Contrast that with a solution like: 0 = 2. This is a contradiction (it is always false). This indicates that the 2 equations have no points in common. So, they would be parallel lines.
• y=−2x−4
y=3x+3
​How many solutions does this system have?
• This system of linear equations have only one solution.
That is because this system of equations is written in slope-intercept form:
y=mx+b,
In which m is the slope and b is the y-intercept.
So in the first equation, -2 is the slope.
And in the second equation, 3 is the slope.
And it becomes very obvious -- two lines with a DIFFERENT slope will always intersect at some point!
So this system has only one solution.
P.S. sorry for answering 9 months later!
• I'm purposefully trying to make a difficult question.
What is the solution to this system of linear equations?
y=mx-1
y=(m-1)x-2
Where m = Graham's Number
I figure it's something VERY close to (0,-2) because the two lines will almost seem to be on top of one another in an almost vertical line.
To be a little more accurate, I know the solution will have an x value slightly more negative than 0 (-0.000...1) and a y value slightly more negative than -2 (-2.000...1).
How do I show my solution algebraically?
Another question: Picking an arbitrary location on the y-axis, how would I show the distance from those two lines?
Through substitution, x = 3.
So the solution to the system of equations y = mx - 1 and y = (m - 1)x - 2 is the ordered pair (3, y).
To find y, we simplify again and see that:
y = 3(Graham's Number) - 5
So the lines will intersect at (3, y) where y is an extremely big number.
• I have difficulty understanding this kind of equations:
​y=4x−7
​y=x−3
even when I get a hint, the hint is talking about another equation!
• You have probably already figured this out by now, but you can use the second equation to solve for the first one :D Since the second equation says that y=x-3, you can substitute "x-3" into the first equation so that there's only one variable (x).
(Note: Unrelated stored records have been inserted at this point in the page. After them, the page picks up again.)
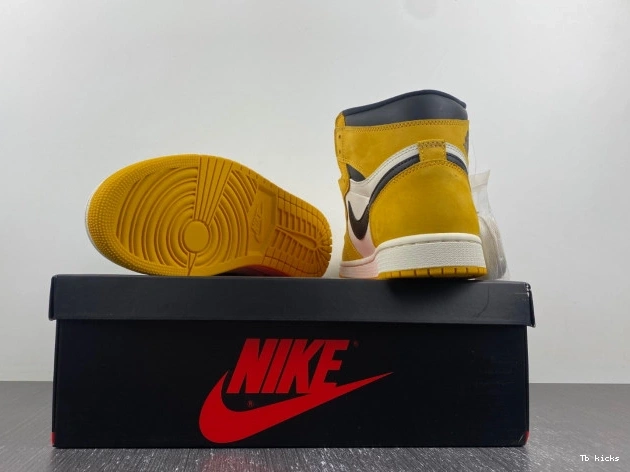 Cheap TBK Yellow High OG Air DZ5485-701 Ochre Jordan 1 0719
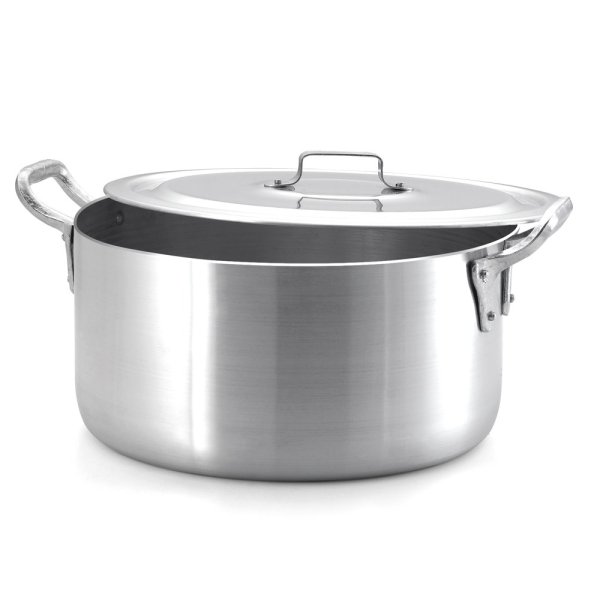 Cacerola con Asas 51.9l 55x22cm Super Hotel Aluminio Oliveira 5066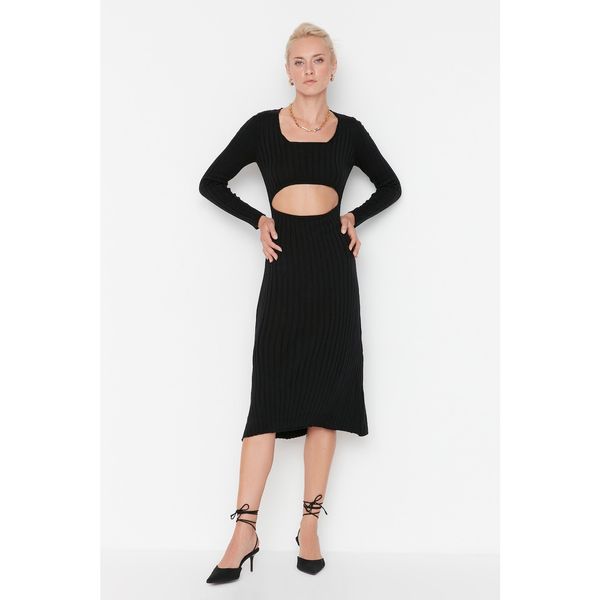 Trendyol Trendyol Black Cut Out Detailed Knitwear Dress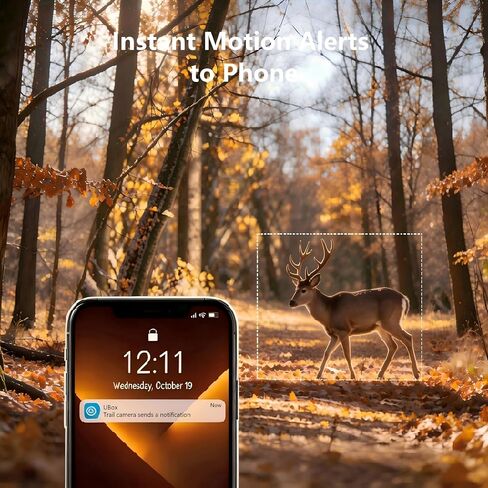 Oculview 4G LTE Cellular Trail Cameras, 360° 2K Live Streaming Game Camera, SIM Card Included, Low-Glow Night Vision, Solar Powered, Instant Alerts, Two Storage Ways, No WiFi Needed for Hunting&Trail in Saudi Arabia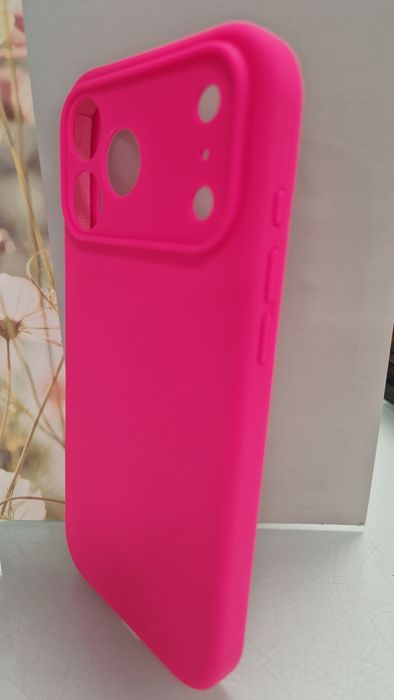 Silicone Lite Case do Iphone 17 Pro Max fuksja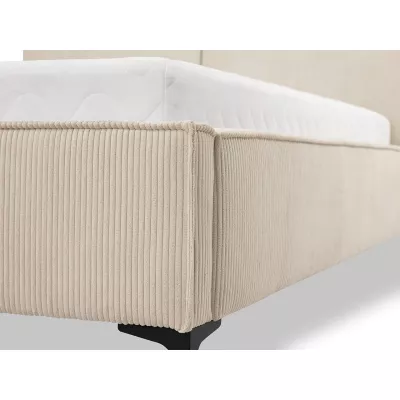 Kárpitozott egyszemélyes ágy 120x200 SKUMA - törtfehér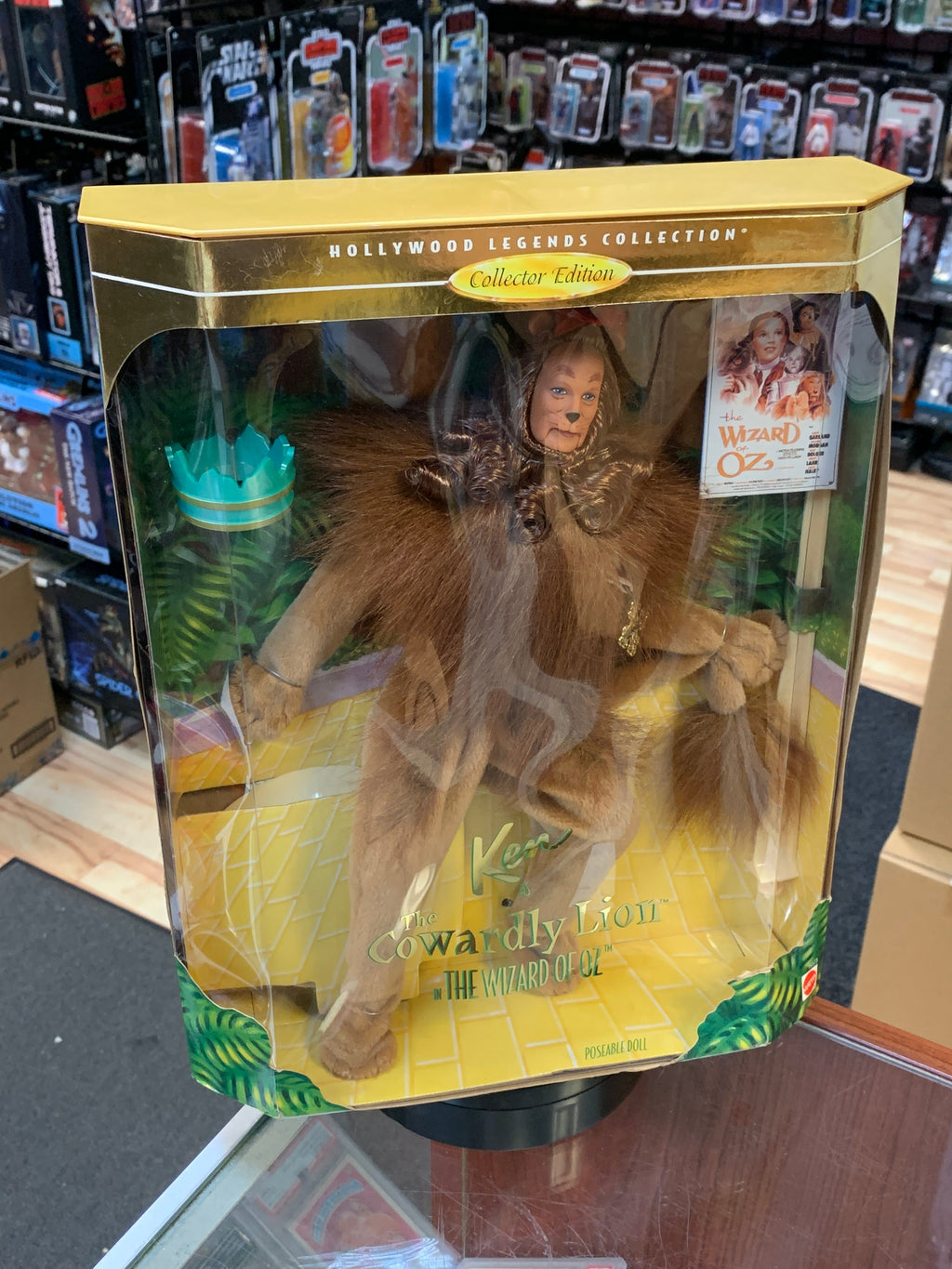 Ken As The Cowardly Lion #16573 (Vintage Barbie, The Wizard of Oz, Mattel) **SEALED** product image 4, provided for visual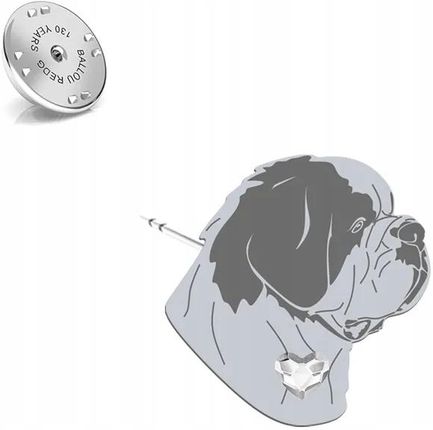 Mejk Jewellery Wpinka Srebrna Z Psem Bernardyn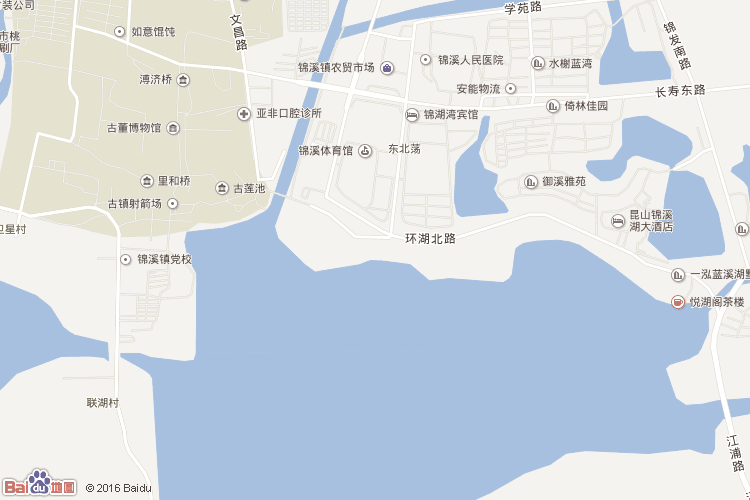 锦溪地图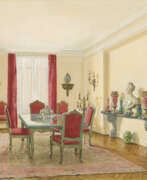 Catherine (Ekaterina Borisovna) Serebriakoff. Dining Room Interior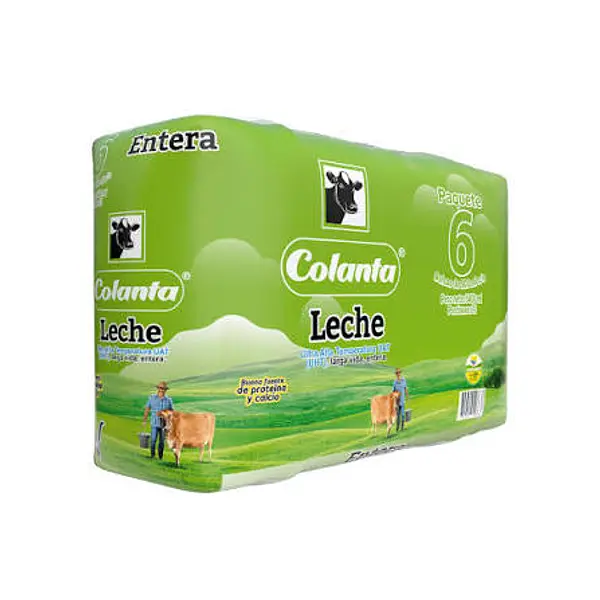 Sixpack Leche Entera Colanta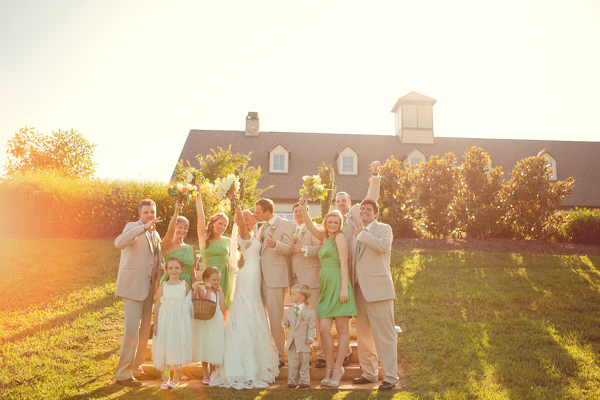 Whimsical Barn Wedding from Danielle Evans Photography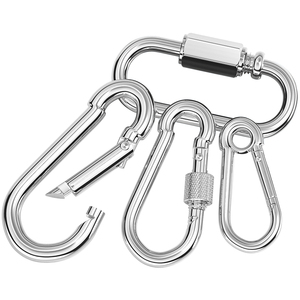 316不锈钢弹簧扣登山扣保险扣钥匙扣葫芦扣螺母弹簧带圈扣狗链扣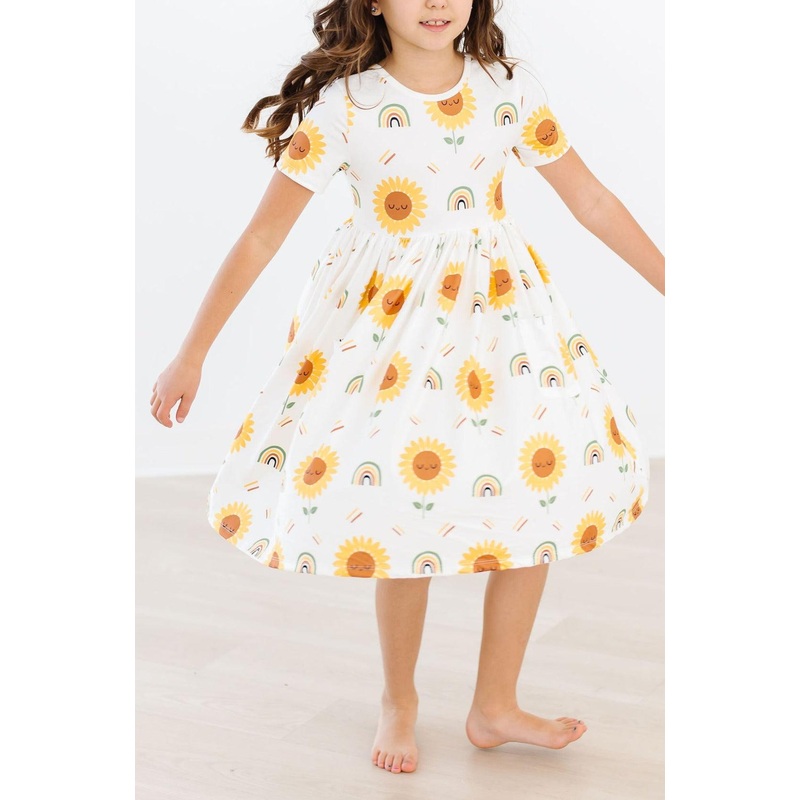 Sunflower S/S Pocket Twirl Dress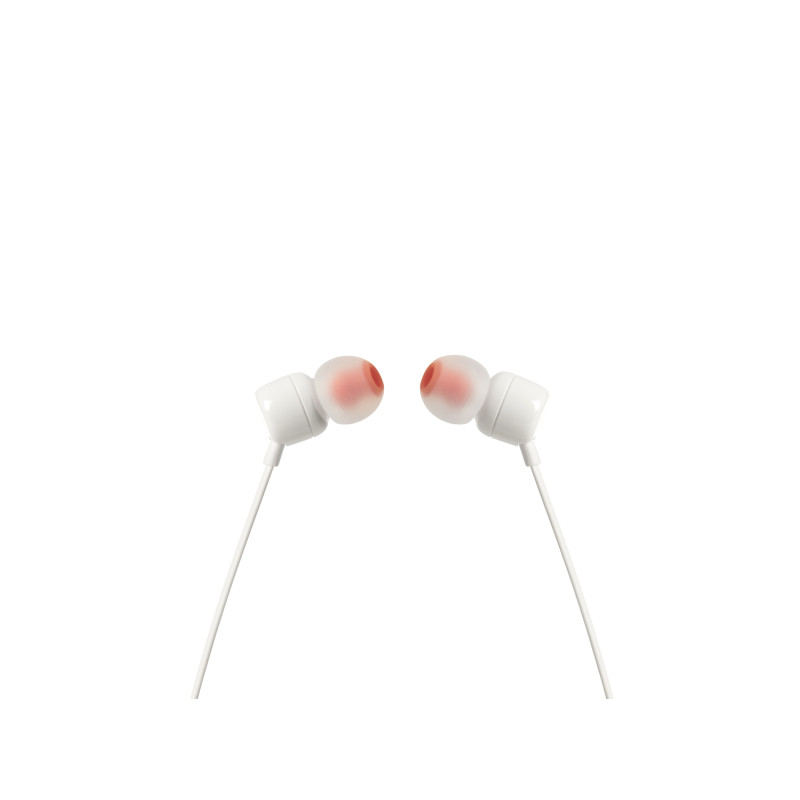 Tune 110 Auriculares Alámbrico Dentro de oído Música Bluetooth Blanco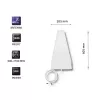 Išorinė 4G LTE antena QOLTEC 57021, 18 dBi, 600–2700 MHz, 50 Ω, 50 W, balta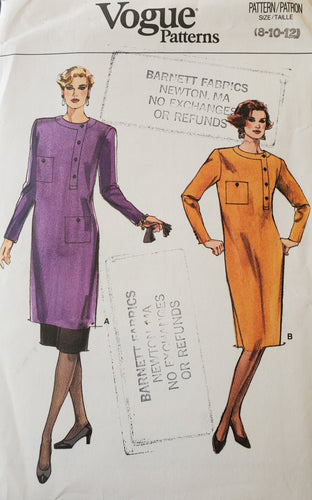 Vintage Vogue Pattern 9435, UNCUT, Misses Dress / Tunic, Size 8-10-12, Rare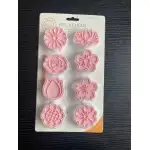 8pcs plastic flower cake mold, cutter, T09568, wholesale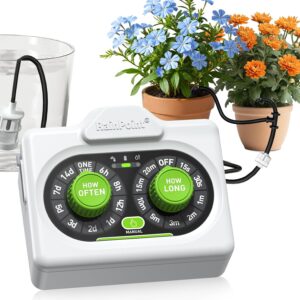 RAINPOINT WiFi Automatic Plant Waterer Indoor, Drip Irrigation System Kits | Smart APP Plant Watering Devices Indoor, Vacation Watering Anti-Siphon Device with 2400mAh Rechargeable Battery 15 Pots
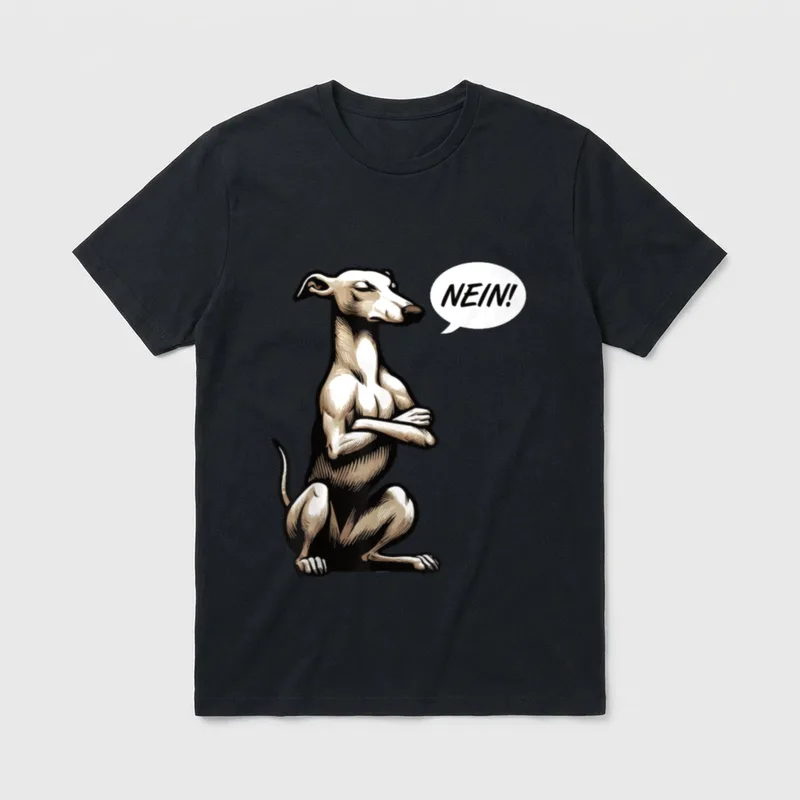 Nein Whippet Windhund Windhunde T-Shirt – Klassisches T-Shirt in Schwarz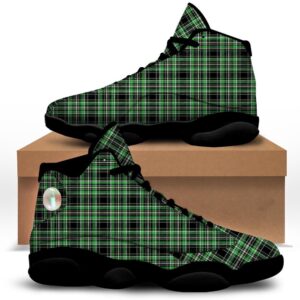 St Patrick s Day Shoes Tartan St. Patrick s Day Print Pattern Black Basketball Shoes 1 zuu8he.jpg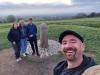 wir auf dem Hill of Tara: auf dem Hill of Tara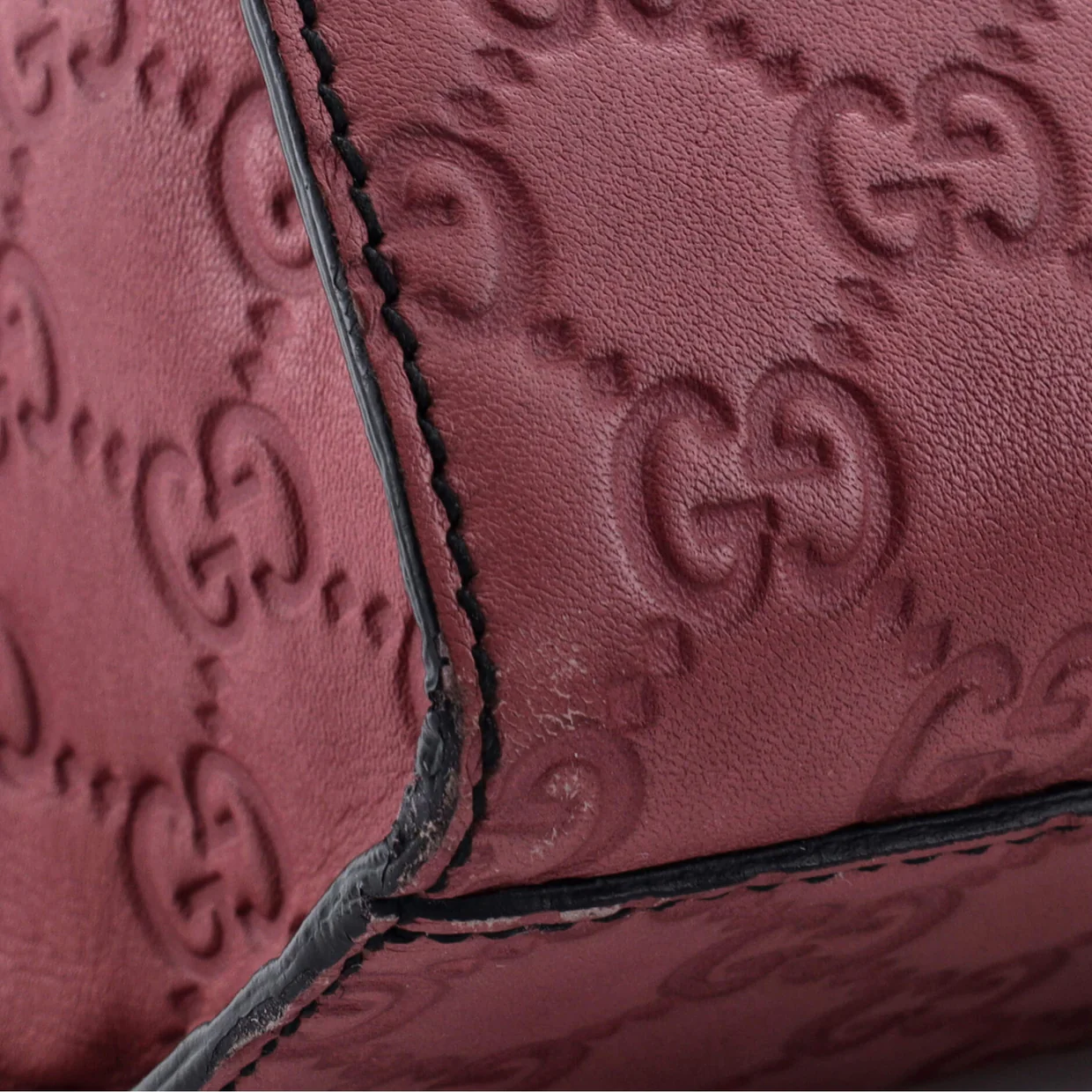 Emily Chain Flap Bag Guccissima Leather Medium - Deep Luxury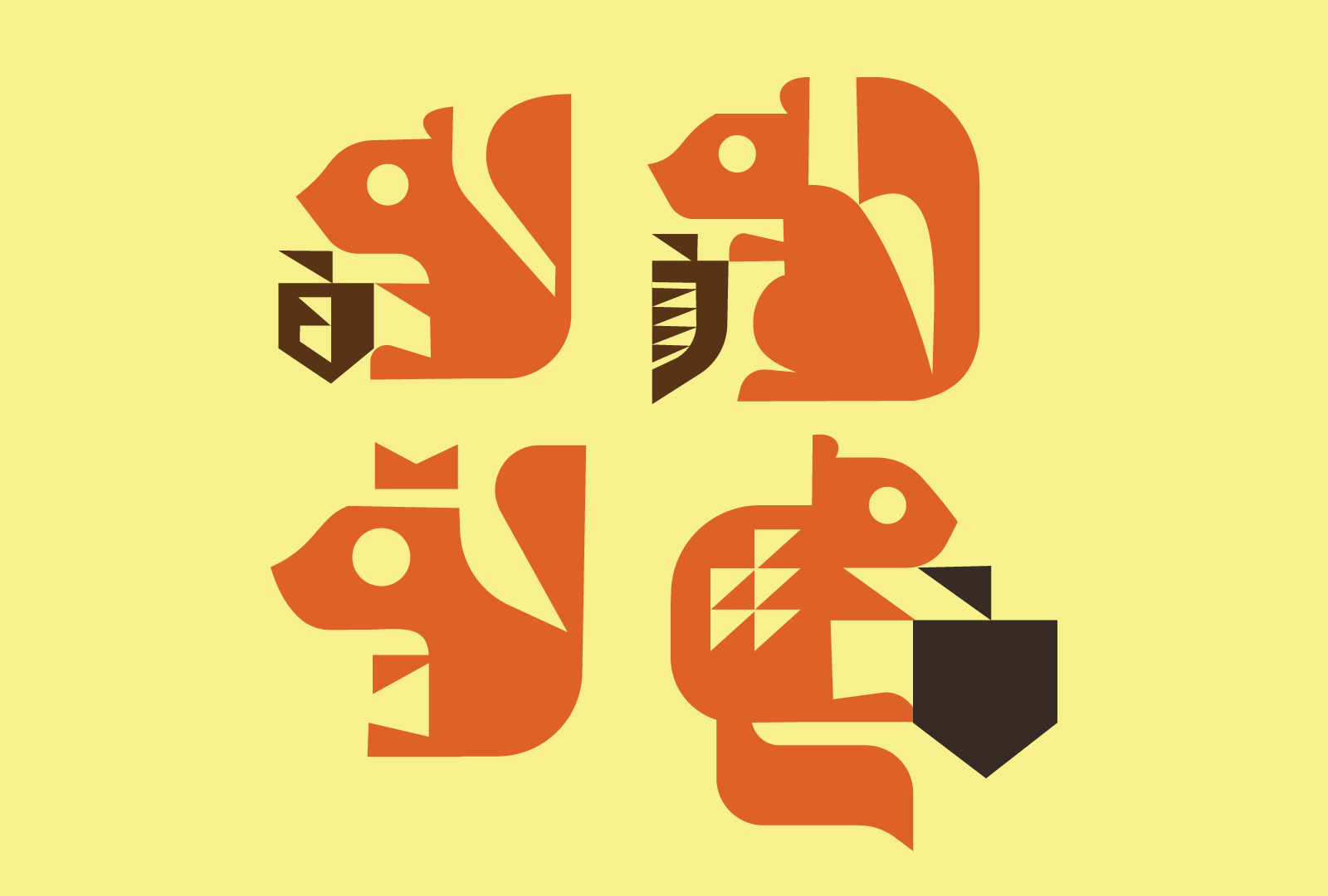 squirrel icons by Morcoil on Dribbble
Then you can solve the rest of the equation, I believe.
(1 vote)
• How did you get -36 on the first problem
• He multiplied or divided the whole second equation by -1 which in effect just changes the signs in the whole equation such that 5x - 9y = 36 becomes - 5x +9y - - 36
• Why am I getting Korean subs?
• That happens to me sometimes as well. It i easy to change, just click the CC to turn them off or if you want English subtitles go to the gear and change to English. Or you could starting practicing Korean! :)
• A person to say math is "fun" like Sal must really like math or either is really great at math.
• To be great at math often means the person enjoys and finds satisfaction in it. Math can certainly be fun for those who have a natural aptitude and passion for it. Sal's enthusiasm suggests he likely excels at math because he genuinely derives pleasure from the subject matter and problem-solving process. I know this because I am good at math precisely because I love math myself. When you have a genuine interest and passion for a subject, it makes the learning process much more enjoyable and allows you to excel.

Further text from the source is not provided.